Please produce a character-exact copy of the listing that follows, omitting all images.

BEGIN Data shown

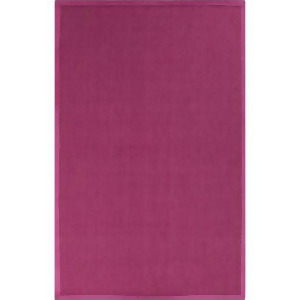 2' x 3' Deep Aspirations Rose Pink Hand Loomed Area Throw Rug - All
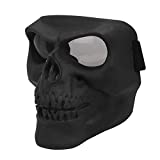 Flantor Motorcycle Goggle Skull Face Mask for Airsoft Paintball Motor Racing Polarized Lens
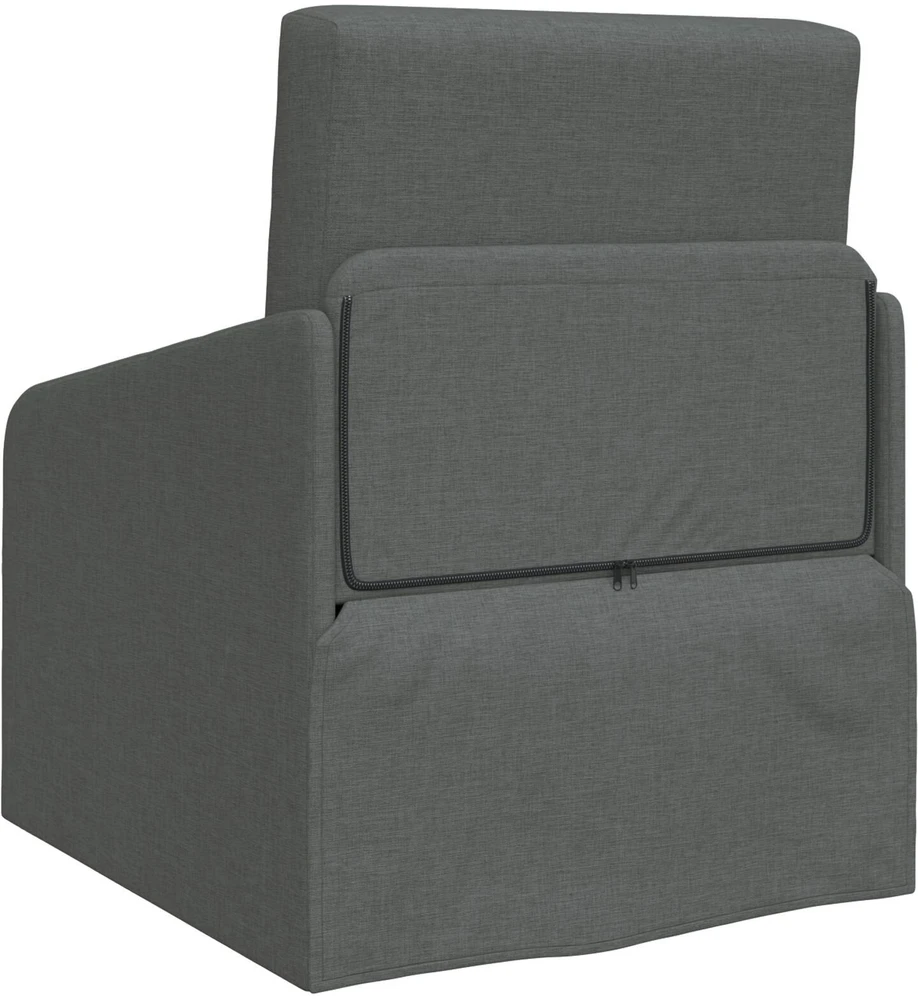 Sofa lova Tamsiai pilka 65 x 80 x 83 cm audinys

END Data shown

## Reply to the exercise
 2' x 3' Deep Aspirations Rose Pink Hand Loomed Area Throw Rug - All
 Flantor Motorcycle Goggle Skull Face Mask for Airsoft Paintball Motor Racing Polarized Lens
 Sofa lova Tamsiai pilka 65 x 80 x 83 cm audinys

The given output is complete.